PROBLEM STATEMENT:
Transcription task. Write out each entry verbatim and exclude any image.

[Collected data entries]
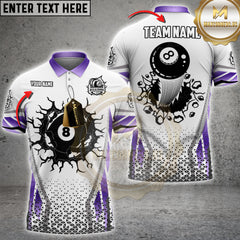 Maxcorners Billiards White & Gold 8-Ball Multicolor Customized Name, Team Name 3D Shirt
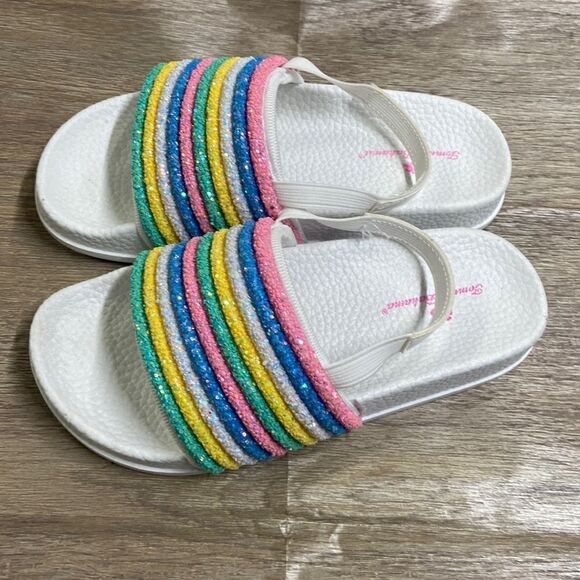 Tommy Bahama Rainbow Glitter Slides - Picture 2 of 8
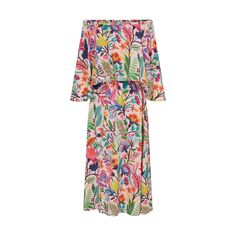 Adela Tropical Floral Off The Shoulder Bardot Midi Summer Dress In Vibrant Multicolours Midi Summer Dress, Dress With Cape, Midi Dress Summer, Steam Iron, Cape Dress, Fabulous Fashion, Tropical Floral, Care Label, Ladies Dress Design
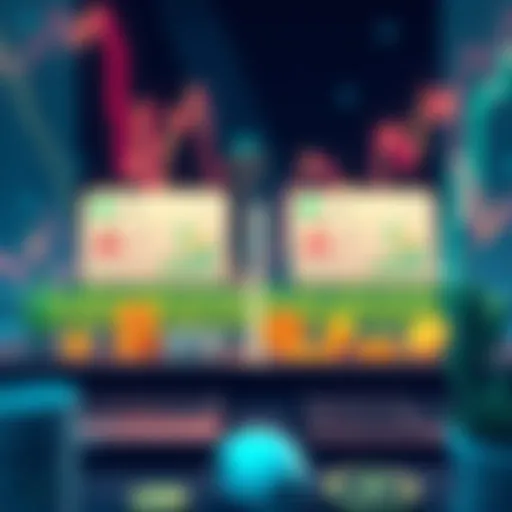 An illustration showing two separate accounts on a decentralized exchange, highlighting delta-neutral strategies for farming rewards with tokens.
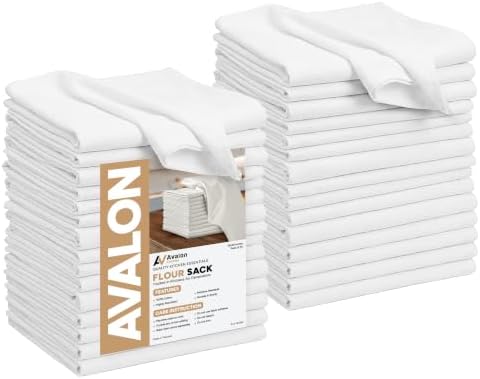 Avalon Kitchen Flour Sack Towels – 30 Pack, 28x28 Inch, 100% Cotton – Flour by AvalonKitchen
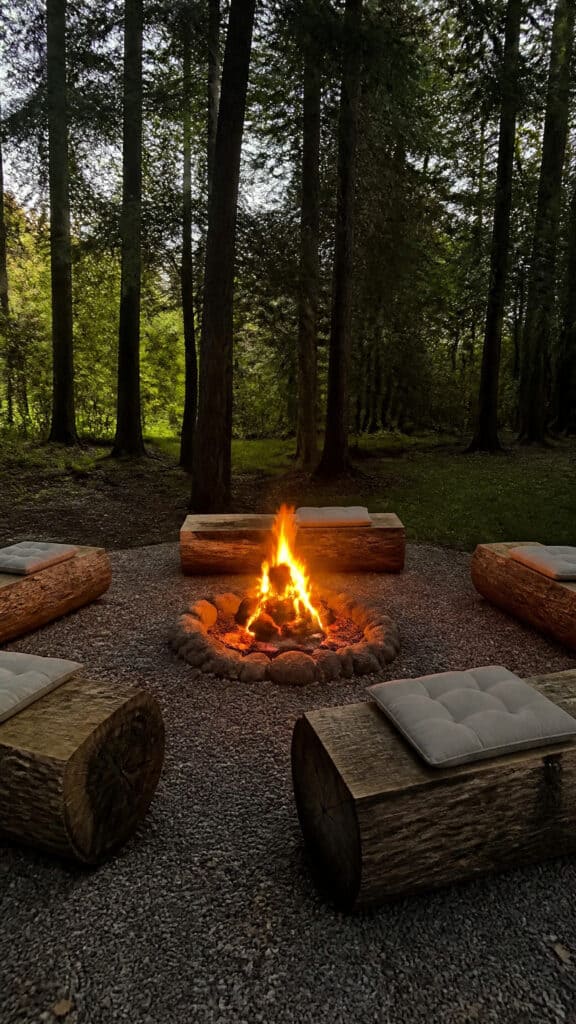 Rustic Log Benches for Natural Charm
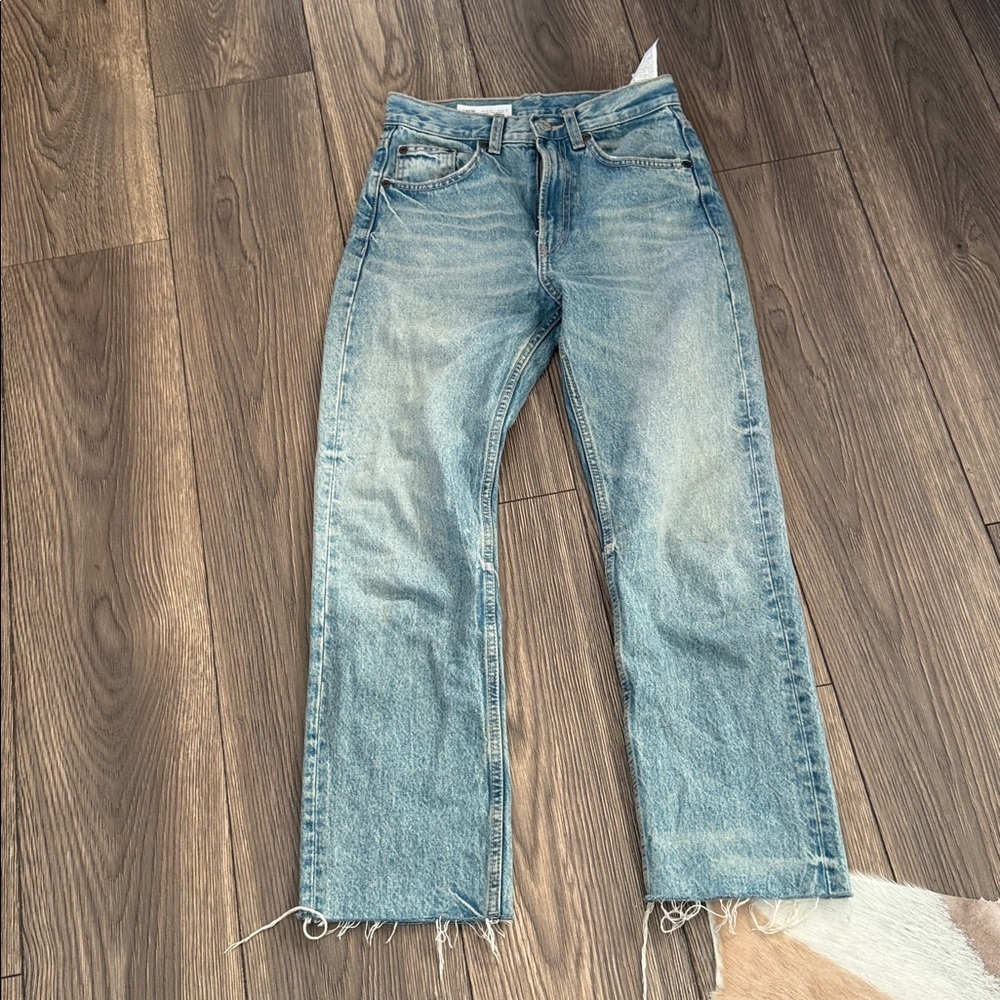 Jeans size 2 rigid denim straight leg oversized No stretch high waisted by Zara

WRITTEN SOLUTION:
 Maxcorners Billiards White & Gold 8-Ball Multicolor Customized Name, Team Name 3D Shirt
 Tommy Bahama Rainbow Glitter Slides - Picture 2 of 8
 Adela Tropical Floral Off The Shoulder Bardot Midi Summer Dress In Vibrant Multicolours Midi Summer Dress, Dress With Cape, Midi Dress Summer, Steam Iron, Cape Dress, Fabulous Fashion, Tropical Floral, Care Label, Ladies Dress Design
 An illustration showing two separate accounts on a decentralized exchange, highlighting delta-neutral strategies for farming rewards with tokens.
 Avalon Kitchen Flour Sack Towels – 30 Pack, 28x28 Inch, 100% Cotton – Flour by AvalonKitchen
 Rustic Log Benches for Natural Charm
 Jeans size 2 rigid denim straight leg oversized No stretch high waisted by Zara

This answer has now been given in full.